В избе старика Балалайкина Борьки монарх обжирался бараниной.

Вскоре монарху на стол уложили красиво свинью, запеченную в яблоках.

Он ел и рыдал.

Остервенело рыдал, истязая клыками свиную кисту.

– Мать чесна! – дивился мысленно Борька. – Что за поруха? Куда же все влезло?

Нахалы бдили на страже с улицы.

Монарх отбрасывал им огрызки через окно:

– Диапедики, будьте любезны – гимн! Ублажайте меня до конца.

Нахалы заместо скрипучего по лесу ветра заныли какое-то гнусное пение.

Борька, печально взирая на гору костей филигранной работы, пошел из избы по другим интересам, – изба тошнотворно давила на грудь атмосферой, – запахи приторной пищи с угаром удушья погнали спасаться во двор.

У Борьки возникло предчувствие, что посреди прослоенного неба находится где-то высоко твой брат, – о нем ясновидящий в эту минуту Борька ни разу не слышал и все-таки знал его там.

– Эй, ты, старик урод! – окликнули Борьку.

Подле был юный балбес из отряда монарха.

– Тебе папироску, не рано ли начал? – улыбнулся Борька.

– Вези меня, старче, верхом у тебя на горбу по деревне, чтобы все видели! – вякнул юнец.

У старика драчуна задрожали поджилки:

– Ты, сирота, не дури.

В уборе текущего лунного золота небо слоями ползло мимо крыш и верхушек осин.

Эти деревья, фактически густо-зеленые, были фактически рыжими.

Но дрожь, овладевшая Борькой, трясла старика на другом основании.

Со смеху.

Борька хотел и не мог обуздаться.

– Тебе почему хорошо? – нервничал юноша. – Кто сирота – разберемся!

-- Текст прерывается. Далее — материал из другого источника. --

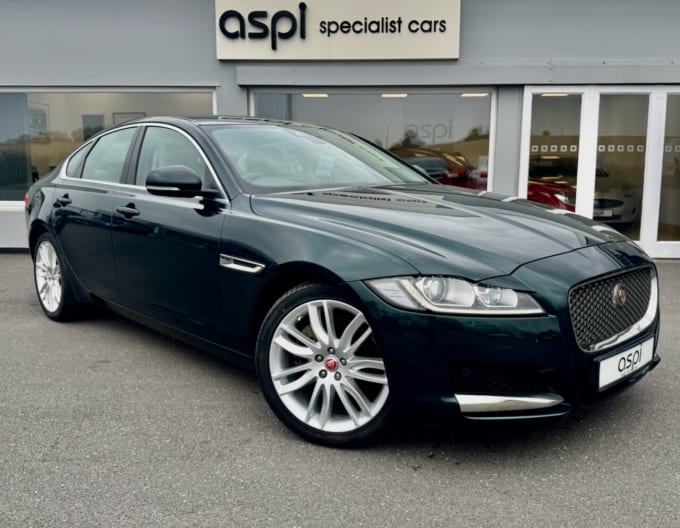 2025 Jaguar Xf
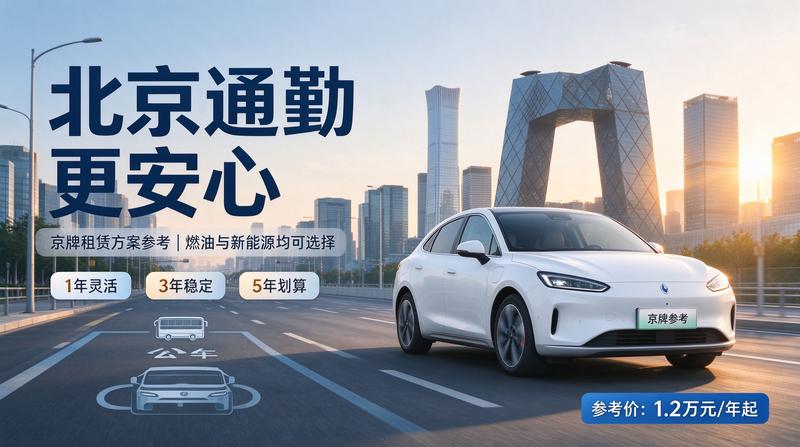 2026年北京车牌指标租赁服务场景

Читай мою ксивную метрику, где все написано… Законного брака потомственный…

Борька порядком устал и разбито вернулся домой, как израненный жалом осы.

Немного слащаво зудела спина, запотевшая после вибрации, вызванной взрывами хохота.

11

Монарх, указуя на кошку, спросил:

– Съедобная?

– Кошка-то?

– Честь отдает? С улицы в избу вошла – сразу лапами честь инвалиду.

– Ваша Светость, ужасно блудливая тварь.

– Изволь отчитаться подробно, как оценить это. Разве народу понятно, кто светость и где твоя кошка в услышанной реплике? На слух ерунда получается, будто бы светость – ужасно блудливая тварь.

– Я про кошку подумал, а вы понапрасну себя подставляете.

– Не думай про кошек. От них, Борька, мыши разводятся. Да, да, мышей сами кошки разводят. Это у кошек уловка, тайный тактический ход уцелеть и прослыть убедительно стражами сала. Порви свою, мыши тотчас исчезнут. Если не справишься, пса на подмогу пришлю.

– Большая собака?

– Большая – с хвостом!.. У меня на груди чья медаль?

– А неужто собачья?

– Хочешь орден?

– Орден? А какой?

– Горбатого первой степени, как у министра, пожалую, хочешь?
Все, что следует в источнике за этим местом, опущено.